Stephen Beale argues that the NFL’s real problem isn’t protests against the flag but the league’s militarization. He asks the question few have asked: Why is the anthem played at football games in the first place?

According to Beale, “The singing of ‘The Star Spangled Banner’ was mandated during . . . World War II, when the NFL commissioner at the time mandated it for the league.” Requiring players to be present for the anthem, and to stand, is much more recent: “The players were told to stand for it about the same time that the Department of Defense was ramping up massive recruitment and media operations around the wars in Iraq and Afghanistan.”

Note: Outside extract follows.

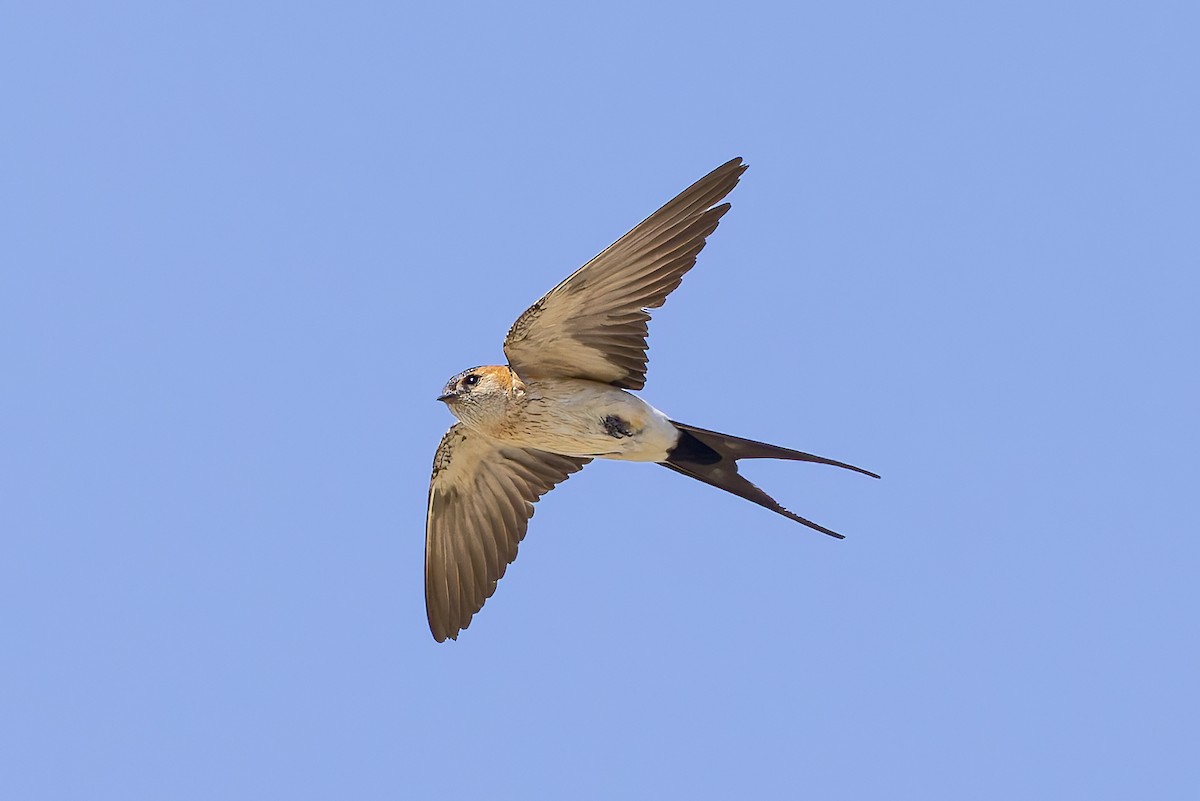 European Red-rumped Swallow - ML640644415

The U.S. military bought this mandated homage to the flag: “They began paying sports teams millions in U.S. tax dollars for what amounted to ‘paid patriotism,’ or mega-military spectacles on the playing field before the games.”

A Congressional investigation looked into this use of DoD funds: “What McCain and Sen. Jeff Flake (R-Ariz.) found was that between 2012 and 2015, the DOD shelled out $53 million to professional sports—including $10 million to the NFL—on ‘marketing and advertising’ for military recruitment. To be sure, some of that was bona fide advertising. But many of those heart-tugging ceremonies honoring heroes and recreating drills and marches and flyovers are what the report denounced as propaganda.”

President Eisenhower would have warned us: Don’t get distracted by the kneeling. Keep your eye on the construction of the military-athletic complex.